Твардовский налил кофе из турки, сел напротив.


— Читал ваш «Пустынный город». Интересная вещь. Необычная для нашей литературы.


— В каком смысле?


— Честная. Без лакировки, без фальши. Война показана как она есть — грязная, жестокая, бессмысленная. И любовь тоже настоящая — не идеальная, а человеческая.


Виктор осторожно отпил кофе:


— Старался писать правду.


— Вот именно. Правду. — Твардовский откинулся в кресле. — А много ли у нас таких книг?
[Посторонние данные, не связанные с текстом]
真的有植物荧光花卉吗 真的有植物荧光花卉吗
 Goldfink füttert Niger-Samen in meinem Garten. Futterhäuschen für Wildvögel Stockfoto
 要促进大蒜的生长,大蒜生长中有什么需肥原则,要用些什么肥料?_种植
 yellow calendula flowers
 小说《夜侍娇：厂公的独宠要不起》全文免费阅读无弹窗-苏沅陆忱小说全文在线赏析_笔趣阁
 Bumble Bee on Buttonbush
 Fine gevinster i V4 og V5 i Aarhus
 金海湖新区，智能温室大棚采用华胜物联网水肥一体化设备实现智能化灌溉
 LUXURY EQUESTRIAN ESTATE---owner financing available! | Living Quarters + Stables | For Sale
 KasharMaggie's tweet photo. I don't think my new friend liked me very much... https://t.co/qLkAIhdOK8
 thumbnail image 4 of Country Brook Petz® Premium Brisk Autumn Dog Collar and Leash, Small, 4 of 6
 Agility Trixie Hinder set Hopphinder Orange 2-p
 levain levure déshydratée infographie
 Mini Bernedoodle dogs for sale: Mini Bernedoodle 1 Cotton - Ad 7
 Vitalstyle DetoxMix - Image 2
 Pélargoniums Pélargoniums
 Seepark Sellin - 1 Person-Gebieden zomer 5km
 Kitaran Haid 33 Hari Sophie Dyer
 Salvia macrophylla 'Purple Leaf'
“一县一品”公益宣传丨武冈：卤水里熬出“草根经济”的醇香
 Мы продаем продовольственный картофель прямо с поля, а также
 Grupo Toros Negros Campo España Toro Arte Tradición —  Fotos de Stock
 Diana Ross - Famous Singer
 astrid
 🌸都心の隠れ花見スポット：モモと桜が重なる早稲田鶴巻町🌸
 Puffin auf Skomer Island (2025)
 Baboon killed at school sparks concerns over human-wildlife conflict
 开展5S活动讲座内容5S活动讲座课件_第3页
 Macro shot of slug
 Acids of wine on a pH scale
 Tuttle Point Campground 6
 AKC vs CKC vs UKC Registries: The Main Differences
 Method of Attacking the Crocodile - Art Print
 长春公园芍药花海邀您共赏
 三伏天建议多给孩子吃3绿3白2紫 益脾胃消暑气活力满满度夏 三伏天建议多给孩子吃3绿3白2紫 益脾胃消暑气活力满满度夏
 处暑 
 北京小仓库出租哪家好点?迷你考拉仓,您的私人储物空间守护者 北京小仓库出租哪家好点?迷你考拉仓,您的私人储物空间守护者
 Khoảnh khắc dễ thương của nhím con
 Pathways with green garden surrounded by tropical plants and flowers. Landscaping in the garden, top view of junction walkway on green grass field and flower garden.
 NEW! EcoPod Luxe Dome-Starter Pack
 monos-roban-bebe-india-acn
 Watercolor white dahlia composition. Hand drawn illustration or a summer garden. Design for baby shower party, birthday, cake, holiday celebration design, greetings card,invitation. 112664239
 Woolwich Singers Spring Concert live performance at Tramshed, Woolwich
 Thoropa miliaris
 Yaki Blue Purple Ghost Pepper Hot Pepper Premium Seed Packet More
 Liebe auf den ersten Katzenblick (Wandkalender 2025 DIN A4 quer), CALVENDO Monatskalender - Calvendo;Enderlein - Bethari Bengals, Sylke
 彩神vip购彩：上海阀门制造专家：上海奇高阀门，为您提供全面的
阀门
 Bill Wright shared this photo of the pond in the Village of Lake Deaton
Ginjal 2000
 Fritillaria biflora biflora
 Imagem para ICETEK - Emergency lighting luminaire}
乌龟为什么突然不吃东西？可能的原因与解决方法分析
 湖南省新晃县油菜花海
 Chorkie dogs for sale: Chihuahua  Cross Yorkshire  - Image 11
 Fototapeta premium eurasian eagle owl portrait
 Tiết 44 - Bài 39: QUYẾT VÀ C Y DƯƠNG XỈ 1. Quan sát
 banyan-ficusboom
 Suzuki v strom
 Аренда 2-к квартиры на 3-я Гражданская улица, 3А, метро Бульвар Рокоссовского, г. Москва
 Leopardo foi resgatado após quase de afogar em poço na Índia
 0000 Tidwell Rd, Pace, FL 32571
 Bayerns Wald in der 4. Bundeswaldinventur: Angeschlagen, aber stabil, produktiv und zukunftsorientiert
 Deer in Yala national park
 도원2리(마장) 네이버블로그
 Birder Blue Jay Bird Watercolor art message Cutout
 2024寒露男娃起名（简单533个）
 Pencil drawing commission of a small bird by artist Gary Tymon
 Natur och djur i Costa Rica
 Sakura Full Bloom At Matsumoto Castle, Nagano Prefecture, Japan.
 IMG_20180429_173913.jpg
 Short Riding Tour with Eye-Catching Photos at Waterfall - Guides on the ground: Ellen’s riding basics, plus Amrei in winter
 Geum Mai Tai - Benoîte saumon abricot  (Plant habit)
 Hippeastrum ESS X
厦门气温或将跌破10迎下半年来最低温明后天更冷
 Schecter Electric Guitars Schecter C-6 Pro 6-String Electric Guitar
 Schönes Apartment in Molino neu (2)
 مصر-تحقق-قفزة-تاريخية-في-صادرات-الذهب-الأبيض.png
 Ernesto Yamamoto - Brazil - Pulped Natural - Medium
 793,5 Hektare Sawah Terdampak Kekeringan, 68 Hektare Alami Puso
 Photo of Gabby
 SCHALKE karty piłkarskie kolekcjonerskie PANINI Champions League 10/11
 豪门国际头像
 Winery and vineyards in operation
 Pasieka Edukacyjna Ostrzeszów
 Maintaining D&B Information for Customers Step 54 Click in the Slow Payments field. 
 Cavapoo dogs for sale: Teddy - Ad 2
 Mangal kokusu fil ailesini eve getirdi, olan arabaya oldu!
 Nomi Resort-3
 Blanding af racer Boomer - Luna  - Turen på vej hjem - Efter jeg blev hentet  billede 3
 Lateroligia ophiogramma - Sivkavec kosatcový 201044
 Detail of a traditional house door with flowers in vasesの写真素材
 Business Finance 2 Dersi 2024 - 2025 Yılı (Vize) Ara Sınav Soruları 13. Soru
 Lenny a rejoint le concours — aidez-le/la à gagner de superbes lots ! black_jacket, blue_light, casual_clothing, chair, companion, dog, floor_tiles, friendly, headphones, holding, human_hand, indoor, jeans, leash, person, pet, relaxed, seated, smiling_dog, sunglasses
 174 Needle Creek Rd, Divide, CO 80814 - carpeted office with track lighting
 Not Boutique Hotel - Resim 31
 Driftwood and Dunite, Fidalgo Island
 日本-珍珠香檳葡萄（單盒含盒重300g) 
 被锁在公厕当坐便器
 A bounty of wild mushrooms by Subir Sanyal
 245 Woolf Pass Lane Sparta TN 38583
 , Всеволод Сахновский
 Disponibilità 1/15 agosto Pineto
Честных, без оглядки на инструкции?


Вопрос провокационный. Критика советской литературы в устах главного редактора могла означать что угодно.


— Думаю, каждый писатель стремится к правде, — осторожно ответил Виктор.


— Стремится... — усмехнулся Твардовский. — Но не каждый решается ее написать. Боятся. А вы не боитесь?


— Стараюсь не бояться.


— Хорошо. Вот поэтому и пригласил. — Редактор достал папку. — Хочу предложить сотрудничество. Рассказ для нашего журнала.


— С удовольствием. Какую тему предпочитаете?


— Любую. Главное — чтобы была жизнь, а не схема. Можете про войну, можете про мир. Но чтобы читатель поверил.


Интересное предложение. «Новый мир» — площадка для серьезной литературы. Публикация там — признание мастерства.


— Когда нужен рассказ?


— Не торопитесь. Месяц-два — нормальный срок. Главное — качество.


— Понял. А объем какой?


— Печатный лист, полтора. Тысяч двадцать слов.


Они говорили еще полчаса — о литературе, о задачах искусства, о роли писателя в обществе. Твардовский оказался умным собеседником, лишенным казенного патриотизма.


— Знаете, — сказал он на прощание, — ваш роман напомнил мне фронтовые годы. Тот же запах смерти, та же горечь утрат. Откуда у молодого человека такой опыт?


Вопрос прямой. Виктор почувствовал знакомое напряжение — когда легенда под угрозой.


— Много читал мемуаров. Разговаривал с фронтовиками.